CIA torture report triggers uproar
Mohammad Amjad Hossain from Virginia | Saturday, 20 December 2014
Torture report of the CIA, released by the Senate Intelligence Committee, headed by Democrat Senator Dianne Feinstein, after terrorist attack on September 11, 2001 on the World Trade Centre in New York has caused uproar in the US. The UN special investigator demanded those responsible for systematic crimes be brought to justice, and human rights activists pushed for arrest of key CIA and Bush administration figures if they travel overseas. As a matter of fact, attack on September 11 in 2001 was disputed by a group of scientists in America.
The report disputed the CIA's use of torture on suspected terrorists as it was far more brutal than the intelligence agency previously acknowledged. The report accused the CIA of misleading the public, the Congress and the White House about the programme.
The 6,000-page report disputes the CIA's repeated claims that the programme was instrumental in thwarting terrorism plots and locating Osama bin Laden. It lays bare the brutality of the technique used. Detainees across the world were to the point of near drowning, deprived of sleep for 180 hours, beaten and slapped.
Detainees were held in excruciating uncomfortable stress positions and sometimes on broken limbs; and subjected to rectal feeding whereby food was administered anally. One detainee died in captivity, most likely from hypothermia, after being shackled almost naked in cold, concrete-floored cell, the report indicated.
This writer does not find anything new in the report which was repeatedly published during the last part of administration of President George W.Bush by international news media and the Time magazine. The CIA treatment of prisoners of war from Afghanistan and Iraq was totally incompatible with international law.
We recall that Amnesty International and International Red Cross too have criticised the treatment meted out to the prisoners of war in Abu Ghraib prison in Iraq and Guantanamo Bay prison. Vice-President Dick Cheney under President George W.Bush was critical of the chief of Amnesty International who compared Guantanamo Bay prison with that of Gustav of the Soviet Union.
The third Geneva Convention on POWs spells out very clearly that Prisoners of War should not be subjected to cruel treatment and torture, outrageous personal dignity and humiliating treatment.

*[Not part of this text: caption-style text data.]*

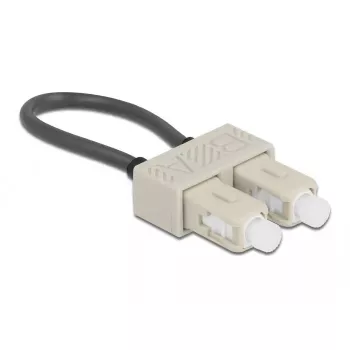 Optiskās šķiedras atgriezeniskās cilpas adapteris SC DeLOCK 86922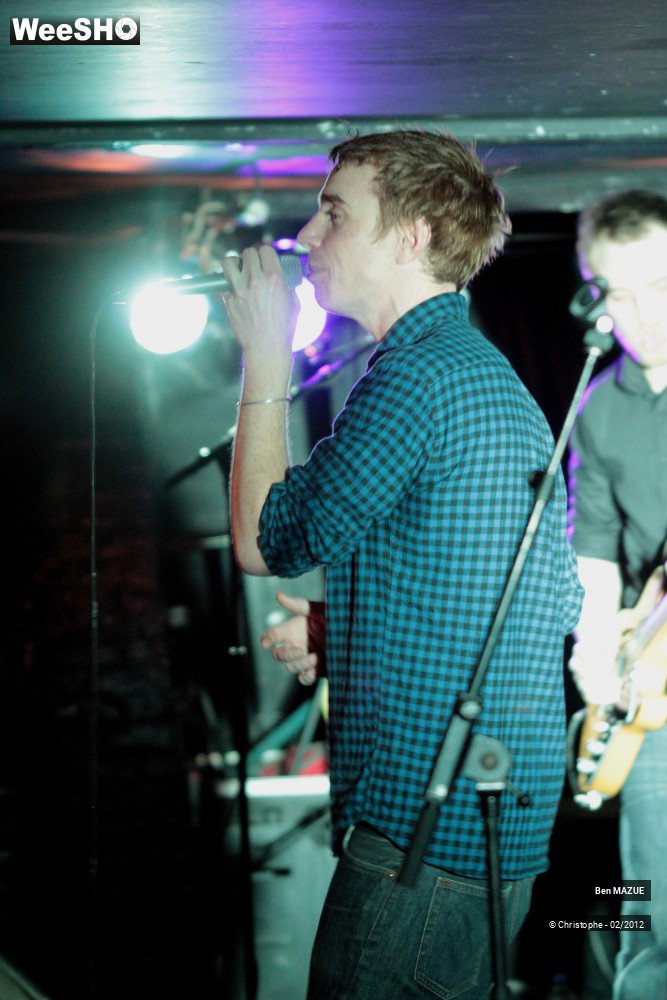 22/27 photos du spectacle Ben Mazué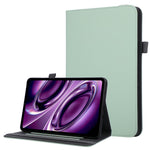 For Xiaomi Redmi Pad 2 9.7  /  Pad 2 SE Case Foldable Stand Leather Tablet Cover with Handheld Wristband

The Convention against Torture defines torture as any act that inflicts severe pain or sufferings, physical or mental. The United States ratified the Geneva Convention in 1990. The Eighth Amendment of the US Constitution refers to torture as anything cruel and unusual.
The CIA acknowledged that its interrogation programme had shortcomings, but denied misleading reports and insisted that it had yielded crucial information that helped thwart terror attacks. George W. Bush denied claims that he had not been fully briefed on the torture programme, while Republicans on the Senate Intelligence Committee issued a 160-page rebuttal of the findings of Democrat Senator John McCain, to support the release of the report, saying torture actually damaged the US security interests, as well as its reputation as a force for good in the world.
Senator McCain himself was tortured while he was in captivity during war in Vietnam. Both international law and constitutional
provision of the US do not permit torture.
Inhuman torture that was inflicted on prisoners of war surfaced in the tribunal in Kuala Lumpur, Malaysia where two former detainees gave vivid picture of
torture.
The five-member tribunal, headed by its President Tan Sri Dato Lamin delivered judgment on May 12, 2012, convicted former President George W.Bush, Vice-President Dick Cheney, Defence Secretary Donald Rumsfeld, and legal advisors Alberto Gongales, David Addington, William Haynes, former CIA Director, Jay Bybee and John Yoo.
The President of the tribunal had forwarded the verdict to Kuala Lumpur war crimes commission to forward its findings of conviction to the Chief Prosecutor of the International Criminal Court in The Hague and the United Nations for action. Verdict of this tribunal is mere declaratory in nature.
Earlier in 2011, former President George W.Bush had cancelled his trip to Switzerland to address a gathering of the Jewish community at an invitation to speak on freedom because human rights groups might seek his arrest wherever he planned to visit outside America.
Amnesty International had sent a detailed factual and legal action plan to Swiss prosecutors, claiming there was sufficient information to open criminal investigation.
Both the New York Times and the Washington Post did not subscribe to torture which these newspaper consider wrong whether or not it has ever worked while at least 26 of the 119 known prisoners were wrongly detained--two of them even CIA informants.
Former CIA Director Michael Haydon came out with an open letter defending tactics adopted by the CIA that he said produced results to find Al-Qaida's force structure, its plots and its leadership while blaming chairperson of the Senate Intelligence Committee of politicising the entire report.
On two accounts, the report by Senate Intelligence Committee would have repercussion. Possibly extremist groups around the world would treat Americans very badly and secondly, this report would affect Republican candidates in the election in 2016.